(Extracted data):
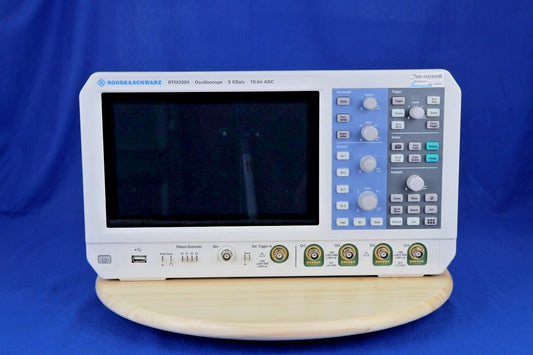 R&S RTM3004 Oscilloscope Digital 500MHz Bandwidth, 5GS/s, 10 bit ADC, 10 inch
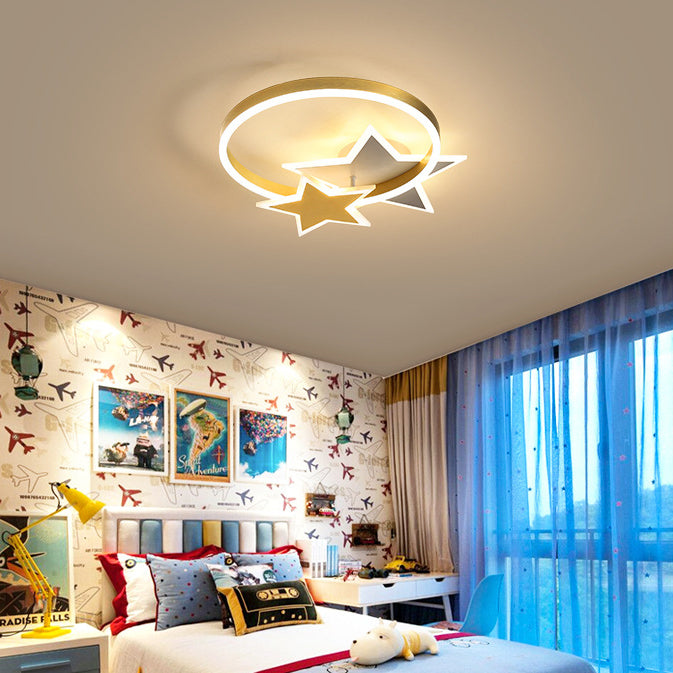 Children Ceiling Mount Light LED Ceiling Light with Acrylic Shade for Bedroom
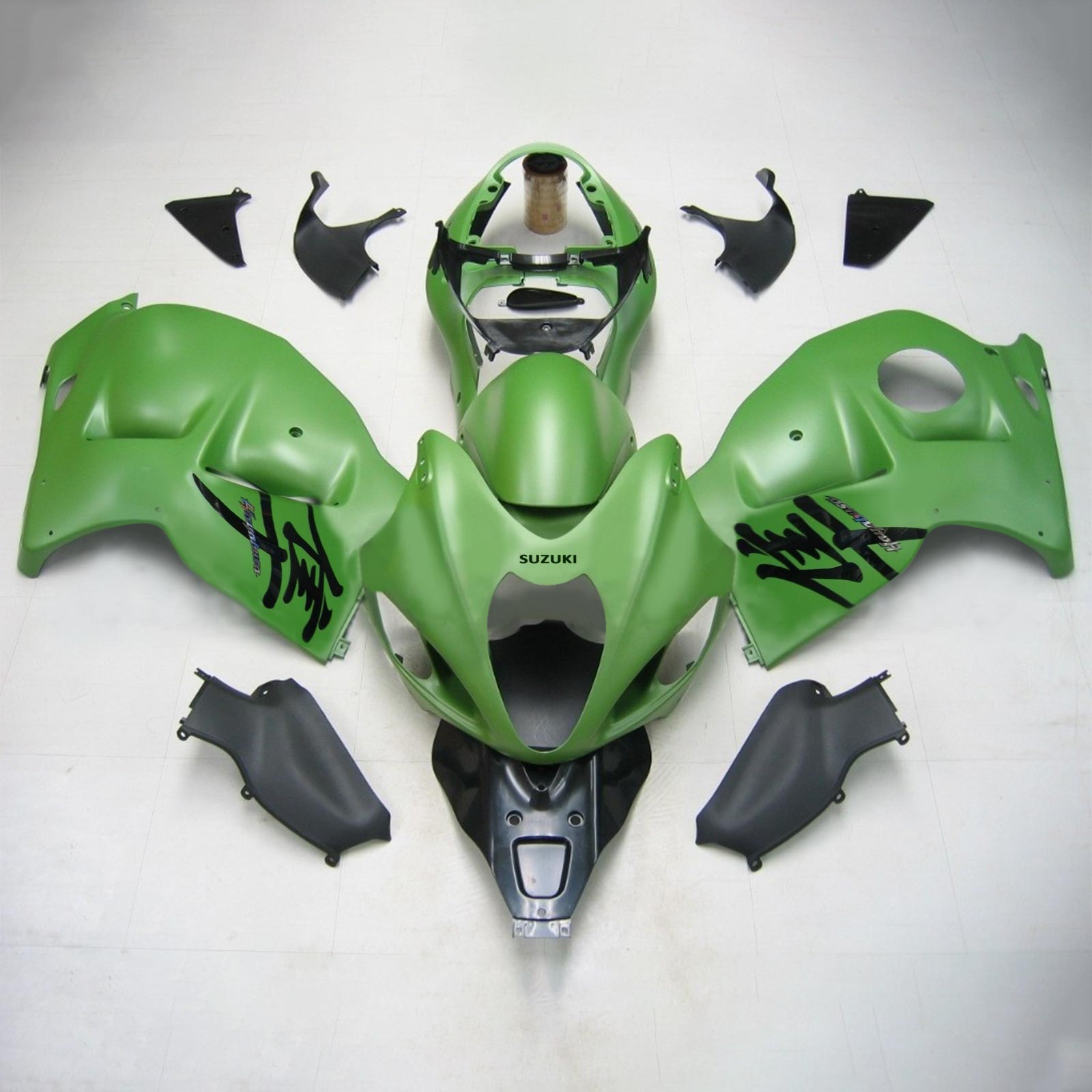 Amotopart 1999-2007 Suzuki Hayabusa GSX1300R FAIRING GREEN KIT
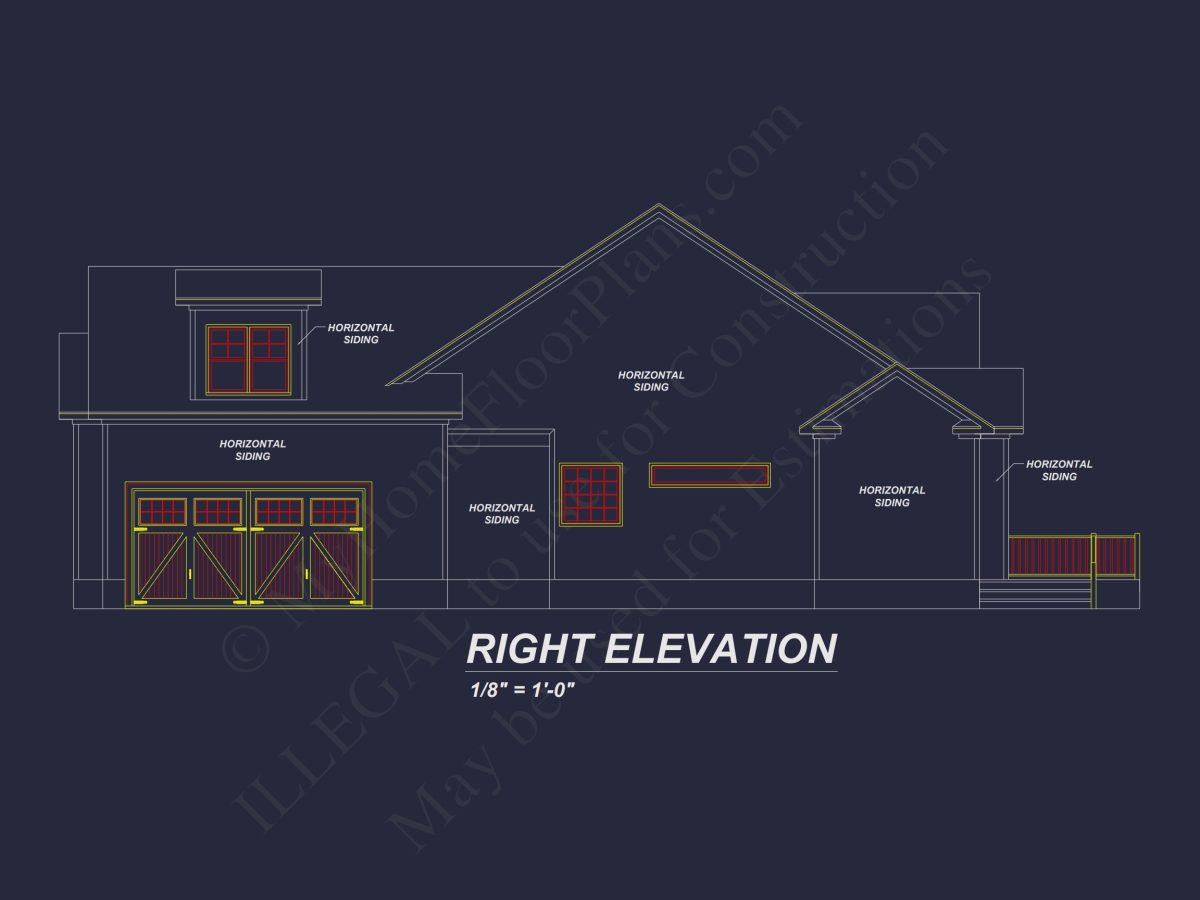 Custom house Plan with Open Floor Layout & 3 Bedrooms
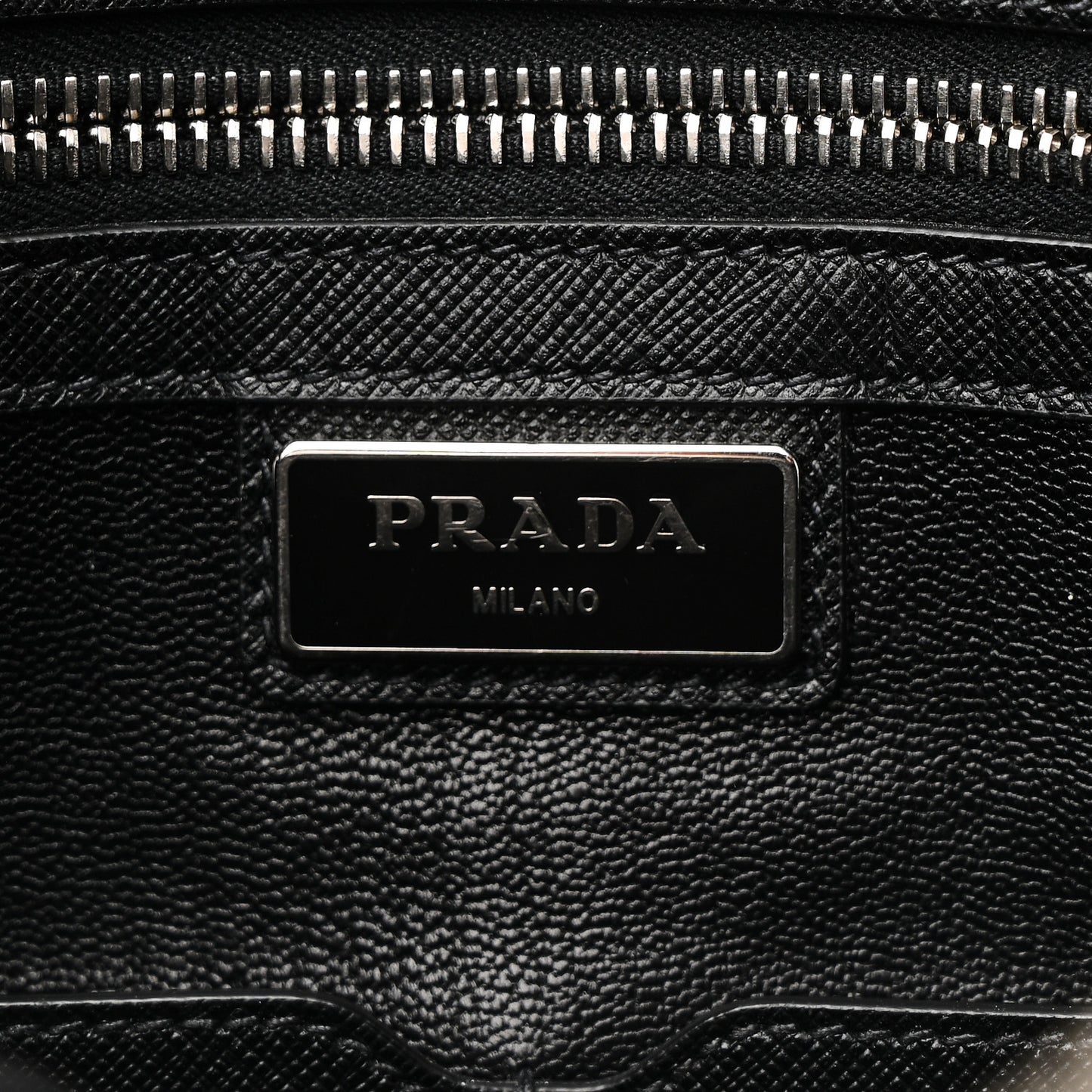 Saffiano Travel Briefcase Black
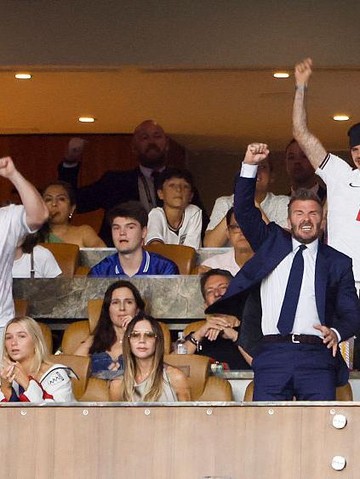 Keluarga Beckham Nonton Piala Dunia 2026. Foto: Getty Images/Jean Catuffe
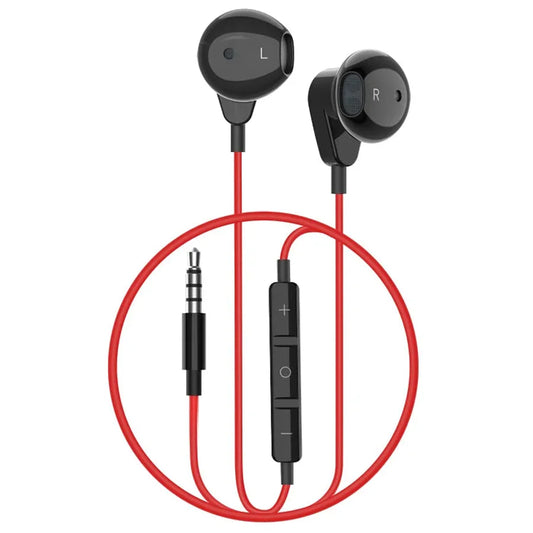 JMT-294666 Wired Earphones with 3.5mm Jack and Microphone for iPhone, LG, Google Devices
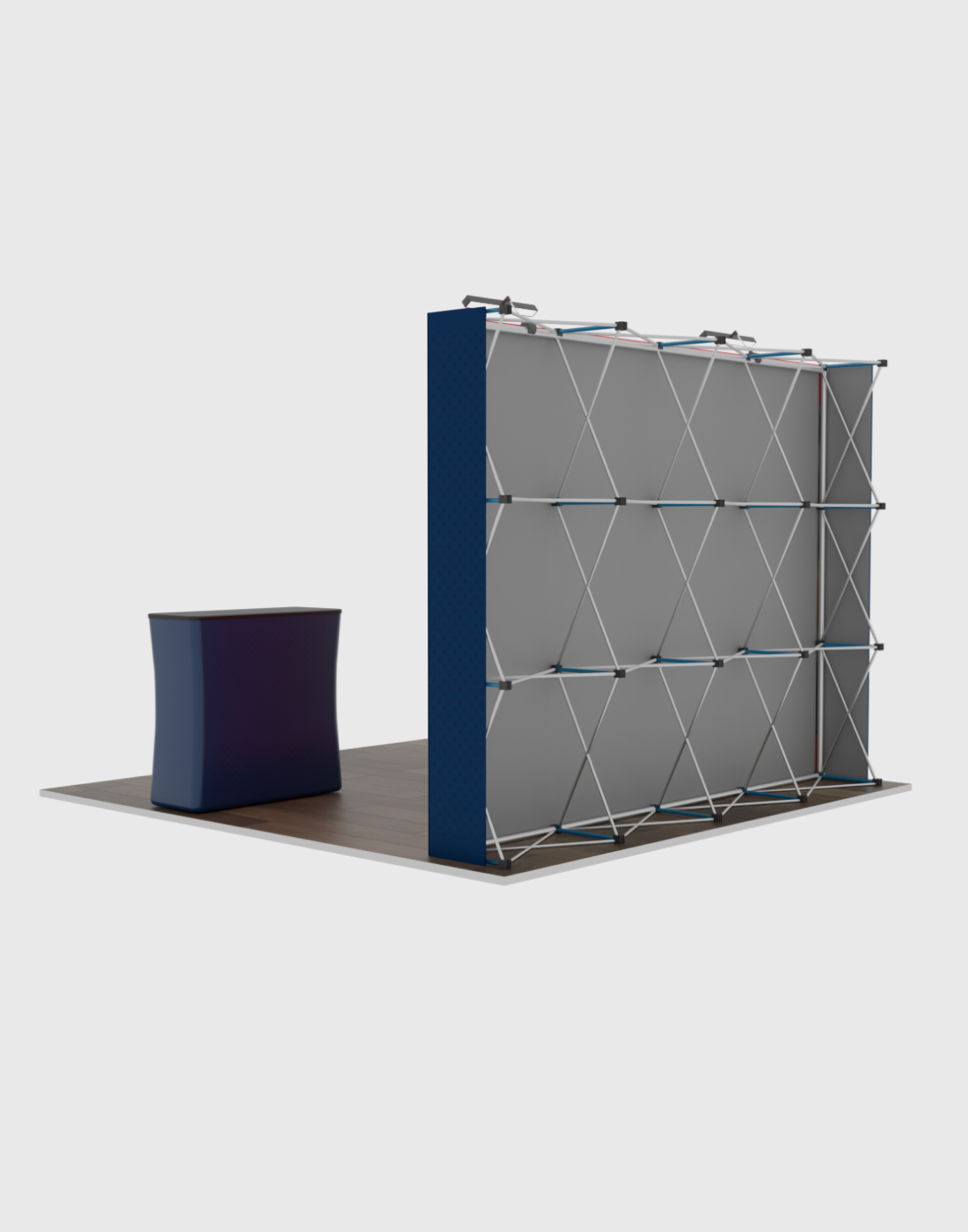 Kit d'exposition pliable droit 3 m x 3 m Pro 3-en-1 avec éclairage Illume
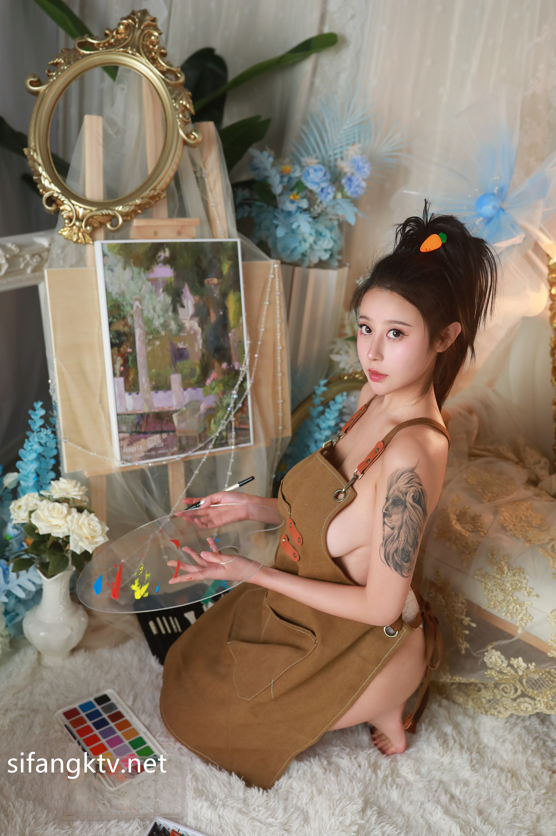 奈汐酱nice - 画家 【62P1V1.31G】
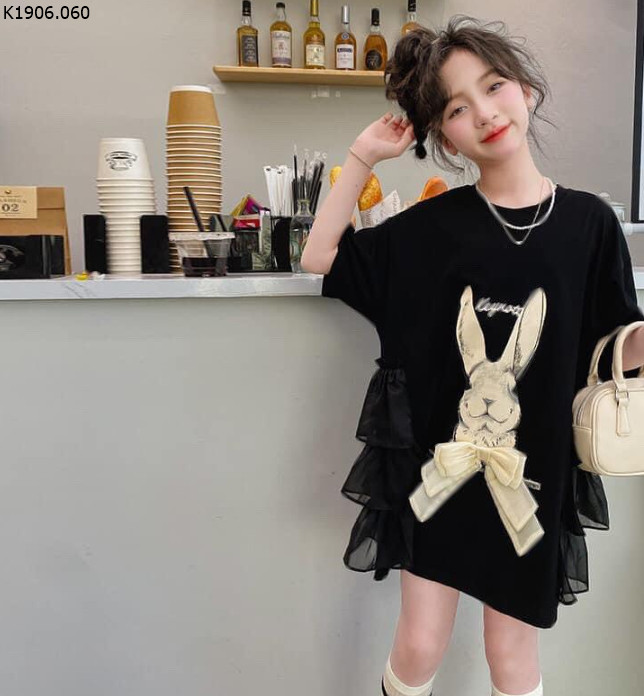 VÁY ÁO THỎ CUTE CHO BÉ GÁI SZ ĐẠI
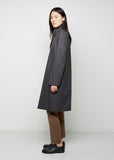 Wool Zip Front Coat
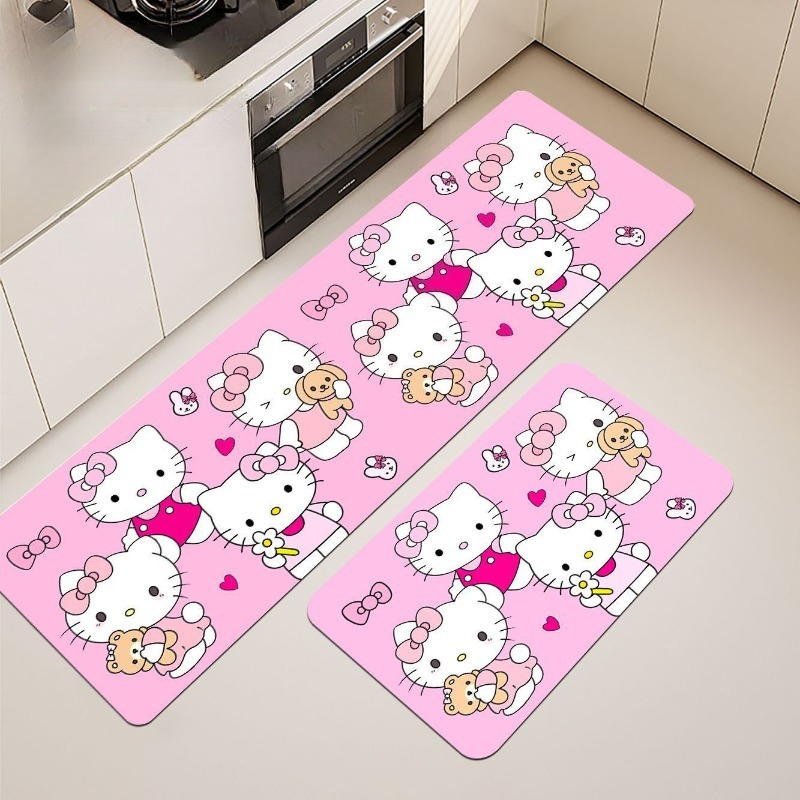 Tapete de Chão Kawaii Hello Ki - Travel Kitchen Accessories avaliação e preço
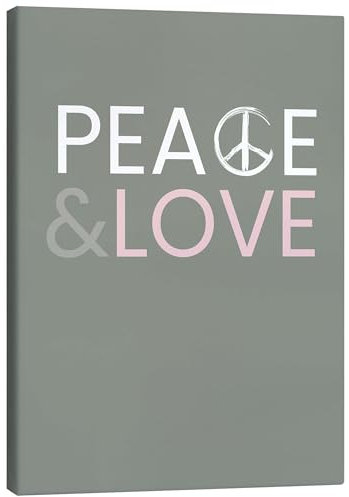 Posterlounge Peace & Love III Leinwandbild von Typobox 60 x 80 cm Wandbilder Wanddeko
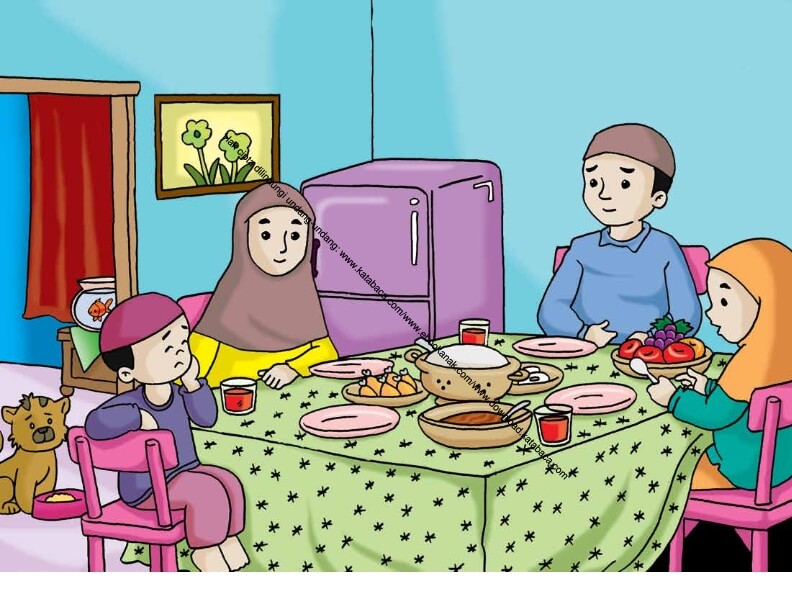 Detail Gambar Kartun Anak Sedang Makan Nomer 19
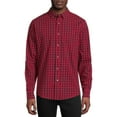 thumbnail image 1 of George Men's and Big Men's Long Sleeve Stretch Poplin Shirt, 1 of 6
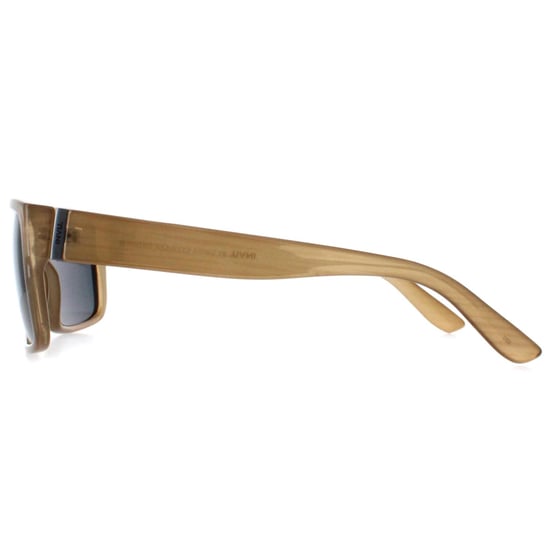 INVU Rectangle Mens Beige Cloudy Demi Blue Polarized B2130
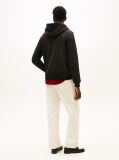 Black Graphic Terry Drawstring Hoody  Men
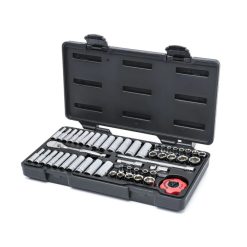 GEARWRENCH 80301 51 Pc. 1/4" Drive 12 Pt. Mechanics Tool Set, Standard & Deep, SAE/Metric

(Exercise requirements):
Copy exactly the lines from the line that holds "Kit d'exposition pliable" to the end of the listing, both included. Leave the pictures out.

(Problem solution):
 Kit d'exposition pliable droit 3 m x 3 m Pro 3-en-1 avec éclairage Illume
 奈汐酱nice - 画家 【62P1V1.31G】
 VÁY ÁO THỎ CUTE CHO BÉ GÁI SZ ĐẠI
 Wool Zip Front Coat
 Tapete de Chão Kawaii Hello Ki - Travel Kitchen Accessories avaliação e preço
 Posterlounge Peace & Love III Leinwandbild von Typobox 60 x 80 cm Wandbilder Wanddeko
 Detail Gambar Kartun Anak Sedang Makan Nomer 19
 thumbnail image 1 of George Men's and Big Men's Long Sleeve Stretch Poplin Shirt, 1 of 6
 INVU Rectangle Mens Beige Cloudy Demi Blue Polarized B2130
 Black Graphic Terry Drawstring Hoody  Men
 GEARWRENCH 80301 51 Pc. 1/4" Drive 12 Pt. Mechanics Tool Set, Standard & Deep, SAE/Metric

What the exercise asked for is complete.